Wie der geneigte Leser mittlerweile weiß und vermutlich nicht mehr hören, oder eher lesen, kann zogen der Galan, die hündischen Damen des Hauses und ich um. In Zahlen ausgedrückt war es der dritte Umzug für den Galan, der vierte für die hündischen Damen des Hauses und mein zehnter. Man sollte also meinen, dass ich eine gewisse Erfahrung mitbringe was das Umziehen, mit Möbeln und Hausrat, angeht. Pustekuchen …

… zumal ich in einigen Domizilen auf Mobiliar weitestgehend verzichtet habe, oder musste. Bei dieser Gelegenheit fällt mir ein das ich keine Ahnung habe was aus meinen treuen Schlafsack wurde … Vor drei Jahren kaufte ich einen neuen, aber wo ist der Alte abgeblieben? Genauer weiß ich dafür was aus dem Rest meines Bettes, einer Luftmatratze wurde, selbige hatte im … puh … vorletzten oder doch vor- vorletzten Domizil beschlossen ihre Luft unwiederbringlich zu verlieren. Gänzlich ohne Matrazensport außer Puste die Gute, skandalös.

Lange Rede, wenig Sinn: da jedenfalls die meisten meiner Domizile über kein und meist geborgtes Mobiliar verfügten, war auch mir der Umzug mit Möbeln und Kisten, anstatt mit Sporttaschen und Sackerln neu.

Eines Abends, im alten Domizil, setzten sich der Galan und ich in die Küche, hilflos blickte ich auf die Kisten und die ganzen Möbel, welche ich mir erst in den letzten fünf Jahren gekauft hatte.

„Was nehmen wir mit?“, wende ich mich, fragend, an den Galan.

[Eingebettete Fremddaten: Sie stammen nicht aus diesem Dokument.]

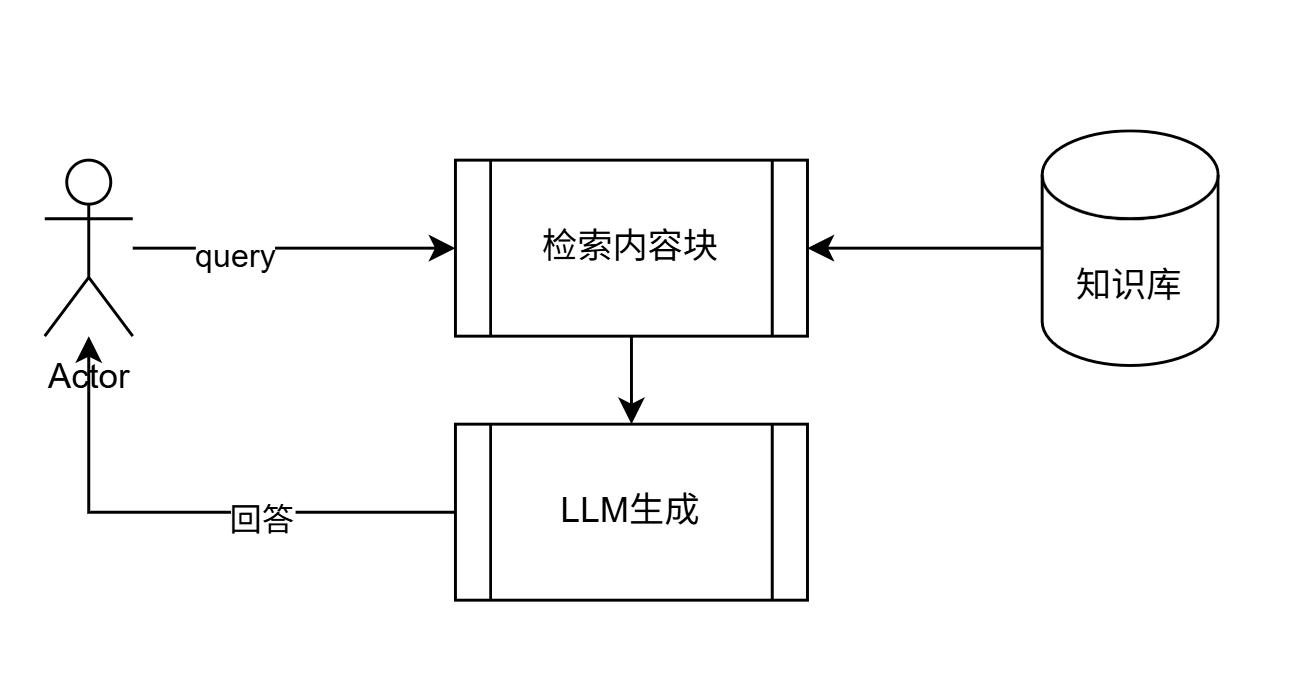 V1版本框架图300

„Alles!“, die knappe Antwort.

„Alles?“

„Ja, alles!“

„Auch die Couch?“

„Jawohl, die auch.“

„Ha, Fangfrage, ich dachte wir kaufen einen Neue.“

„Egal, sie kommt trotzdem mit.“

Damals verstand ich seine Logik offenbar genau so wenig wie heute. Im Endeffekt hatte er Recht, eine neue Couch haben wir nämlich noch immer nicht gekauft und werden es wohl auch nicht.

Allerdings bin ich nun, einige Jahre nach dem Auszug aus dem elterlichen Domizil der stolze Besitzer einer Eckbank für meinen oder nun unseren Esstisch, welcher bis dato ohne Sitzgelegenheit als Ablagefläche diente. Gegessen wurde am Couchtisch, welcher nun immer mehr an Bedeutung verliert, zumal ich meine Bücher in jenem Kasten welcher beinahe vorerst Shadow und dann den Galan erschlagen hätte, verstaue.

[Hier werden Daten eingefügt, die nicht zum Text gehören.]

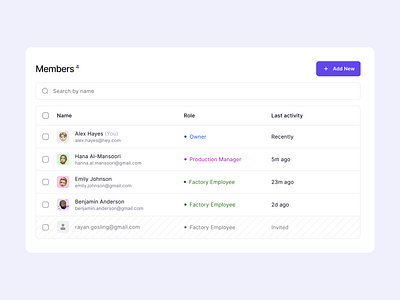 Members List for B2B SaaS Platform b2b design list members product saas ui ux web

Auch ein Regal hängt noch leer an der Wand, alles was ich bis dato daraufstellte gefiel mir auf einen anderen Platz, nämlich auf oder in jenem Kasten welcher beinahe unsere Familie verkleinert hätte, besser. Es bleibt abzuwarten welchen Zweck dieses Regal erfüllen wird, derzeit beherbergt es für einige Zeit die Putzutensilien am Sonntag, während dem Sonntagsputz, welcher gelegentlich schon am Samstag stattfindet und wenn ich sehr gut drauf bin gar am Freitagnachmittag.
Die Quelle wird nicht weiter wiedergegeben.